Search code examples
pythonnumpymultiprocessingpoolrandom-seed

What is the *right* way to seed random number generation in a python multiprocessing pool?


I am using Pool.map() in the multiprocessing package on an embarrassingly parallel project. I want to seed the numpy random number generator once for each worker (not once per function call). My understanding from some past answers is that one should use the initializer parameter to seed each worker. However, when I pass numpy.random.seed, I get very poor seeding--all threads generate mostly the same random numbers, but not all.

There have been some changes to the way random numbers work in numpy so perhaps some of those answers are out of date. Take a look at this minimal example that illustrates the issue:

import multiprocessing                                                              
import numpy as np                                                                                                                                               
                                                                                    
def my_fun(_):                                  
    return rng.uniform()                                                                                             
     
if __name__ == "__main__":
    rng = np.random.default_rng()
    with multiprocessing.Pool(processes=4, initializer=np.random.seed) as pool:
        my_list = pool.map(my_fun, range(40))  
    print(f"Number of unique values: {len(set(my_list))}") 
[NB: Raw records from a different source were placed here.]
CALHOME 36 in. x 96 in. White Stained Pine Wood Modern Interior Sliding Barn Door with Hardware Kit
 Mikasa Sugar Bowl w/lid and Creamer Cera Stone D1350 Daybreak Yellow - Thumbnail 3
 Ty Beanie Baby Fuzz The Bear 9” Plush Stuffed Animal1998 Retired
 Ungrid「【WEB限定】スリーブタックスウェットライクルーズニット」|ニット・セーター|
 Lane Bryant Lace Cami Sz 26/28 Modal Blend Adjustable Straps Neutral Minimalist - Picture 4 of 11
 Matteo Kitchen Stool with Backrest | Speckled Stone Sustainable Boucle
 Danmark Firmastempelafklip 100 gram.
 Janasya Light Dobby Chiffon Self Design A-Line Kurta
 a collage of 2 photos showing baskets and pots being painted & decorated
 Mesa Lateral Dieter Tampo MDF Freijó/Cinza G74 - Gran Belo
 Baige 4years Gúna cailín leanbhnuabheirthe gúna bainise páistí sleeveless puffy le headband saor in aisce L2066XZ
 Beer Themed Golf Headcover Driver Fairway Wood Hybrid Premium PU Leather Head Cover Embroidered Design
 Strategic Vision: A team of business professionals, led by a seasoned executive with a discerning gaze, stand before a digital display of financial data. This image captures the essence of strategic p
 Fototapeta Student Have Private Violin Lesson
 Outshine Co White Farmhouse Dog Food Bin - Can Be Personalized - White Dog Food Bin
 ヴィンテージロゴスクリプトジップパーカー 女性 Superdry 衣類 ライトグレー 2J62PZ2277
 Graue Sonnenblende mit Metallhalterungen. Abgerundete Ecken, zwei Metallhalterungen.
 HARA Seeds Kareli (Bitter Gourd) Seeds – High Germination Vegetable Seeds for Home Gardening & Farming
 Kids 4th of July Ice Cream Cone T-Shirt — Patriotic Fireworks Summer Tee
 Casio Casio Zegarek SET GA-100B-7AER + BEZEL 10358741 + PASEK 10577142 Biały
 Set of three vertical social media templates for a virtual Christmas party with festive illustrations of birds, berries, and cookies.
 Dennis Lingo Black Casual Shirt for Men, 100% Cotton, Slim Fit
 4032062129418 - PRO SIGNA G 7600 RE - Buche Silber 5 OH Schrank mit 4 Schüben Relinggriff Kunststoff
I would expect my_list to contain exactly 40 distinct values if seeding works or exactly 10 if it does not. But it tends to be more like 12-15. Is there a different best-practice for seeding these workers? Remember, I do not want to add any code to my_fun() because it will be called a large number of times by each worker. I just want each worker to start from a different place, so workers will be independent.

I do not require reproducibility for this project, but it would be nice if the solution did provide it. Python 3.10.5 on linux.


Solution

  • You were close. Try this instead:

    import multiprocessing                                                              
    import numpy as np
    
    def init():
        global rng
        rng = np.random.default_rng()
                                                                                        
    def my_fun(_):                                  
        return rng.uniform()                                                                                             
         
    if __name__ == "__main__":
        with multiprocessing.Pool(processes=4, initializer=init) as pool:
            my_list = pool.map(my_fun, range(40))  
        print(f"Number of unique values: {len(set(my_list))}") 
    

    The recommendation is that instead of using seeding, you should create a new instance of the generator instead. Here we're creating one new, freshly seed generator for each pool.

    For reproducible results, add code to init() to pickle each new generator or print its state:

    print(rng.__getstate__())
    

    The output is sufficient to reconstructor the generator state. It looks like this:

    {'bit_generator': 'PCG64',
     'state': 
         {'state': 319129345033546980483845008489532042435,
          'inc': 198751095538548372906400916761105570237},
     'has_uint32': 0,
     'uinteger': 0}